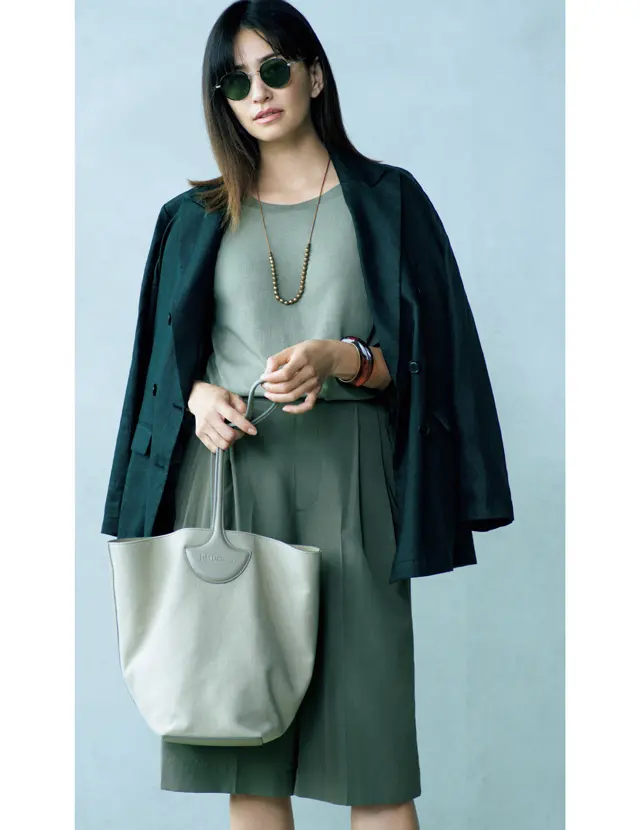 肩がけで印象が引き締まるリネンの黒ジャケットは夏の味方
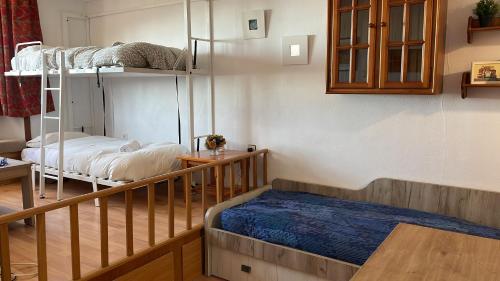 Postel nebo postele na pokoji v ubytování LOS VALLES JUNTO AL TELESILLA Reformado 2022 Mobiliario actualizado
==
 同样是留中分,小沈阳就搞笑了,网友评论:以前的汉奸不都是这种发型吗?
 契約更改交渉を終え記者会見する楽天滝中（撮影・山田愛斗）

• _GOAL OF THE EXERCISE_
After locating the line containing "肩がけで印象が引き締まるリネンの黒ジャケットは夏の味方" in the entries above, return it and every line after it exactly, ending at the line containing "Postel nebo postele", without pictures.

• _FINISHED TASK_
 肩がけで印象が引き締まるリネンの黒ジャケットは夏の味方
 Postel nebo postele na pokoji v ubytování LOS VALLES JUNTO AL TELESILLA Reformado 2022 Mobiliario actualizado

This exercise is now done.